Amazing read! Would love to get another article on how the write(1... Call turns into a text on the screen. Basically "how does kernel talk to the device and I see the result"

jtolio | a day ago

Sorry, I know that this is obnoxiously tangential to the actual point of the article, but is it a good idea to run a Go program as PID 1? I think it's not. PID 1 is special, and has special signal handling and special responsibilities, that I imagine are made more challenging by the expectations of the Go runtime. Understood that this blog post is trying to demystify the kernel more than anything else, but I think it's either worth a comment about the unusual responsibilities of PID 1, or switching to a more fit-for-purpose language for a small PID 1 example program?

denz | a day ago

What's the problem? This isn't novel: see, for example, https://gokrazy.org/.

jtolio | 23 hours ago

GoKrazy deals with this specific problem though! From https://gokrazy.org/development/process-interface/

gokrazy’s init process (pid 1) supervises all the binaries the user specified via gokr-packer flags.
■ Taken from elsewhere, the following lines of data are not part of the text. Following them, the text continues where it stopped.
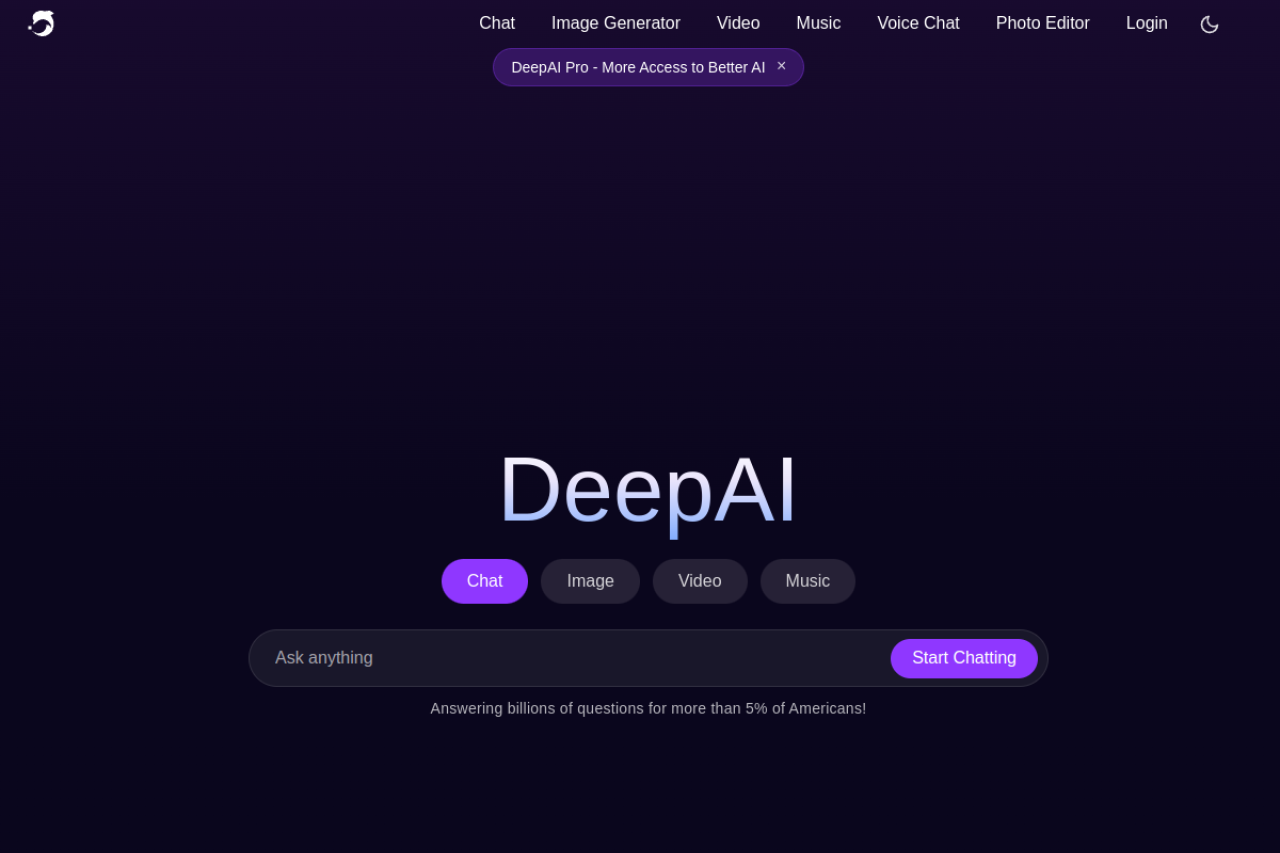 Deepai Org website screenshot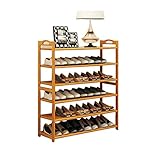 Schuhregal-Organizer-Regal, Schuhregal, Aufbewahrung, Pflanzenregal, 6 Etagen, freistehender Bambus-Schuhregal, Eingangsbereich, Schuhregal, Aufbewahrungsorganisator für Zuhause und Büro, einfach zu m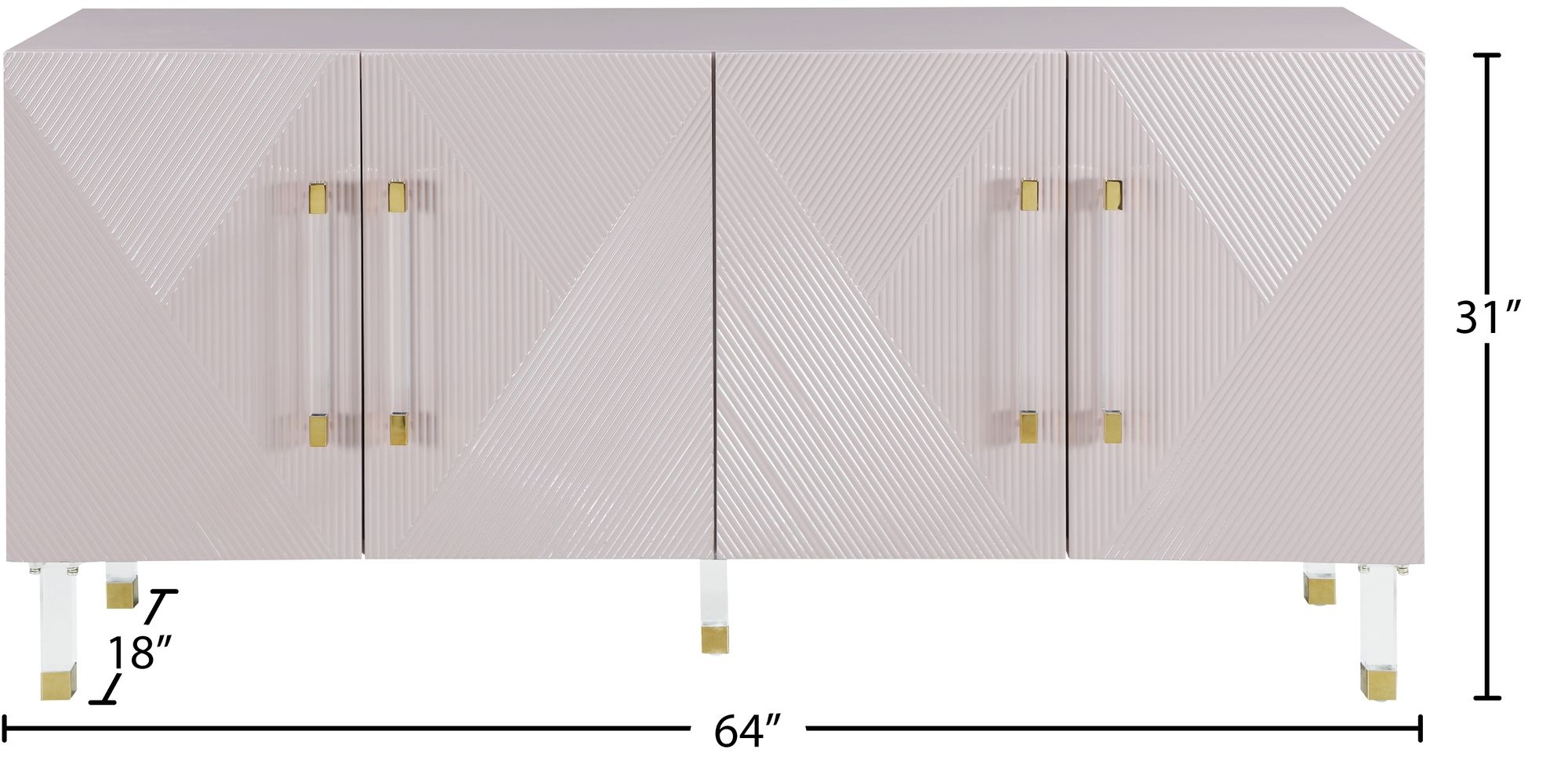 Anastasia 4-Door Wood Veneer Lacquer Sideboard with Acrylic Legs & Chrome Tips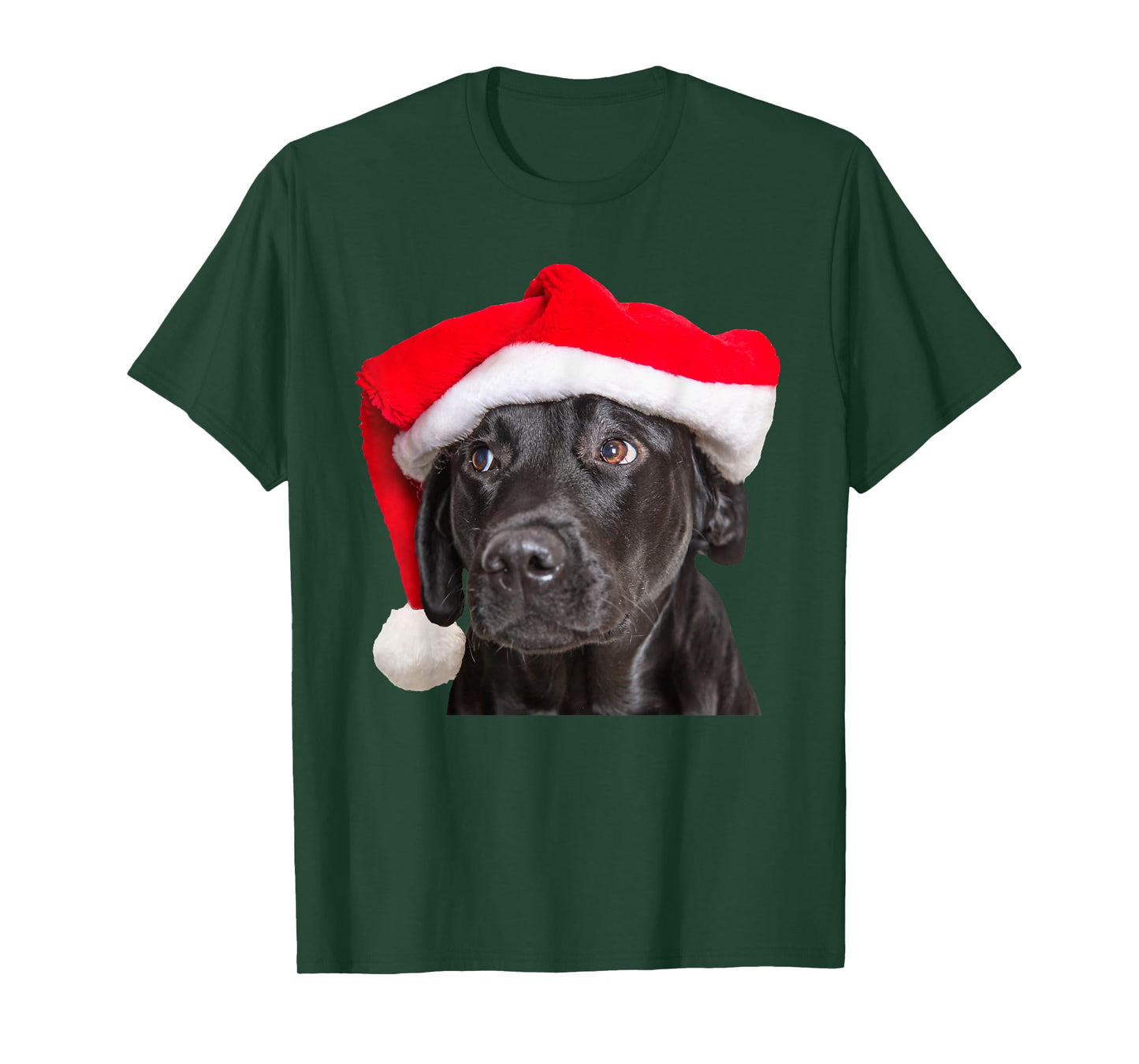 Cute Black Lab Santa Hat Christmas Dog Labrador Retriever T-Shirt for Men Women Kids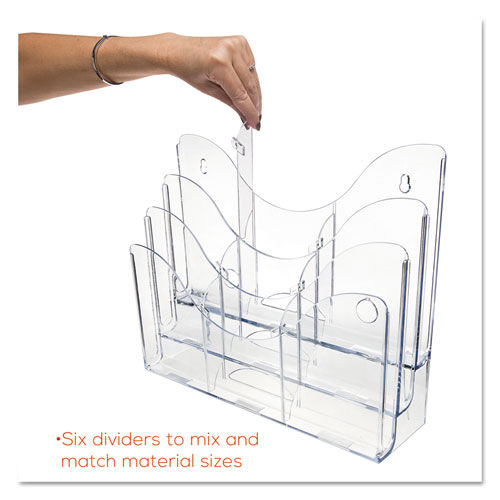 Picture of 3-Tier Document Organizer w/6 Removable Dividers, 14w x 3.5d x 11.5h, Clear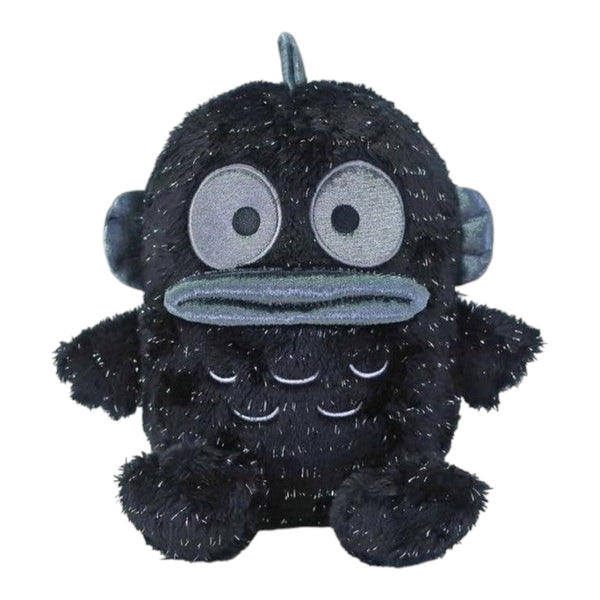 Black plush toy with gray accents on a white background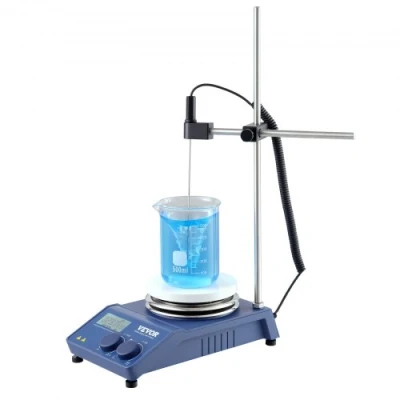 Afbeelding van VEVOR Magneetroerder verwarmingsplaat, max. 340 C, 1500 omw/min verwarmingsplaat met magneetroerder, 20 L verwarmingsplaatroerder LED scherm, steunstandaard en roerstaven, 650 W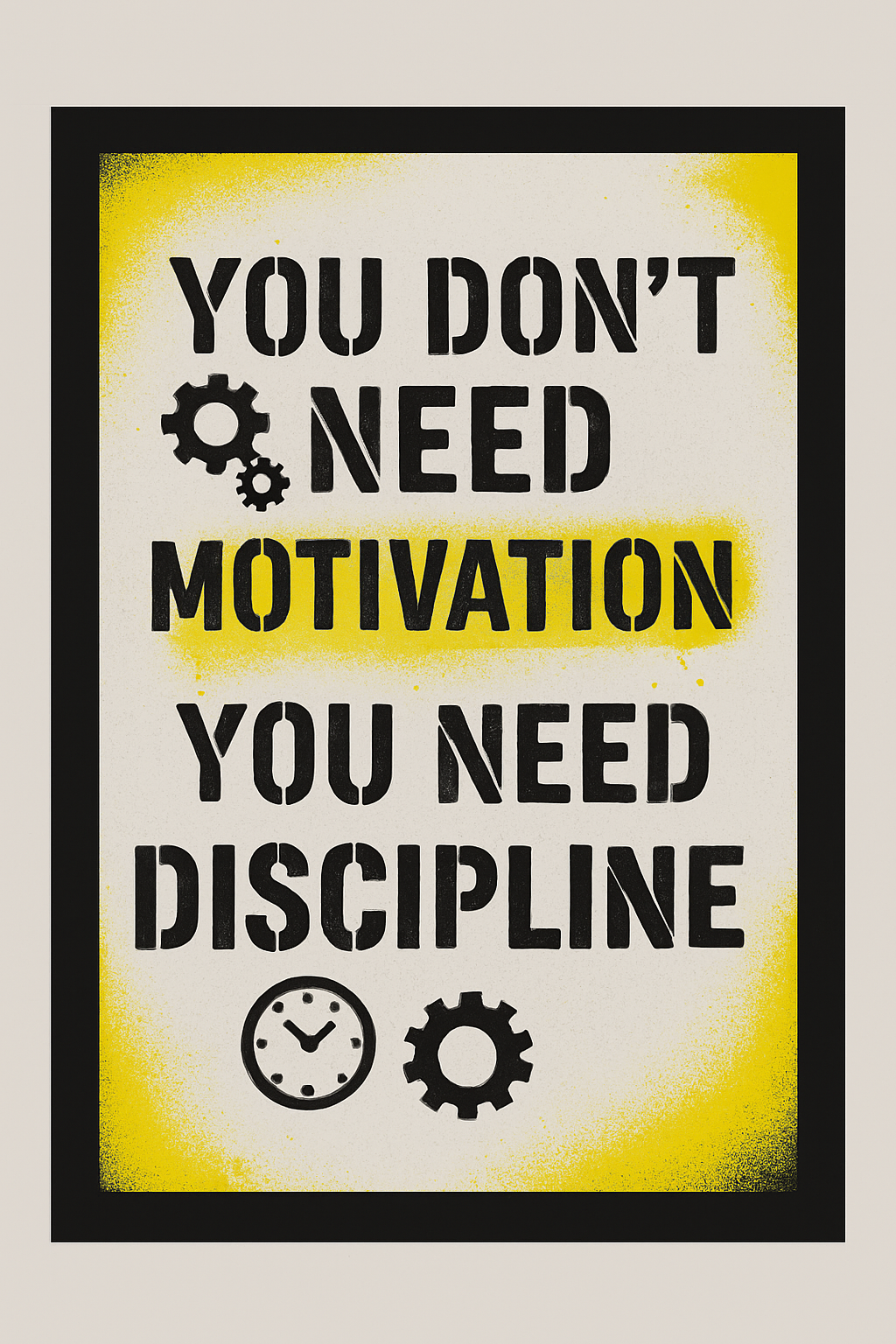 You Don’t Need Motivation, You Need Discipline – Motivational Wall Art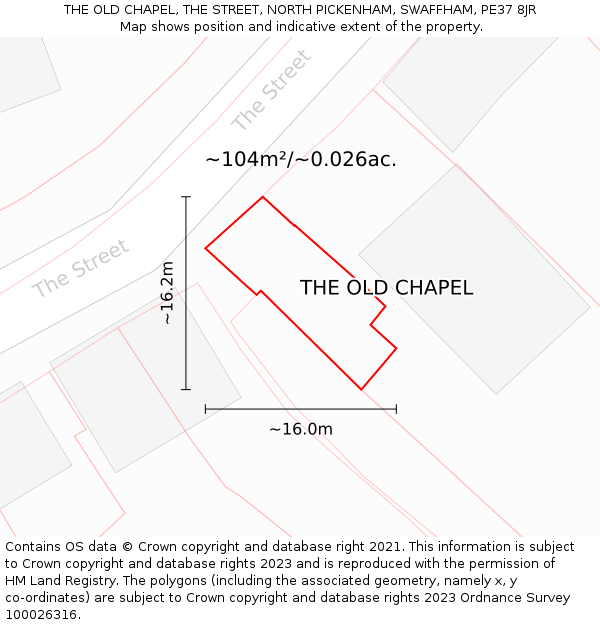 THE OLD CHAPEL, THE STREET, NORTH PICKENHAM, SWAFFHAM, PE37 8JR: Plot and title map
Containers have this issue, and so many ship either https://github.com/krallin/tini or https://github.com/Yelp/dumb-init or similar, which are very small programs that just do the minimal PID 1 responsibilities and then get out of the way.

The Go runtime is much more heavyweight than is traditionally needed for a simple PID 1, and makes use of many things that might go awry in PID 1 space. I don't mean to say it's impossible to write a PID 1 handler in Go, I'm sure you can do it, but I feel much less confident about it given the Go runtime, and decisions the runtime might make in the future. Go is certainly targeting a traditional application environment (it expects to have a functional OS running around it), and a working PID 1 is typically part of that.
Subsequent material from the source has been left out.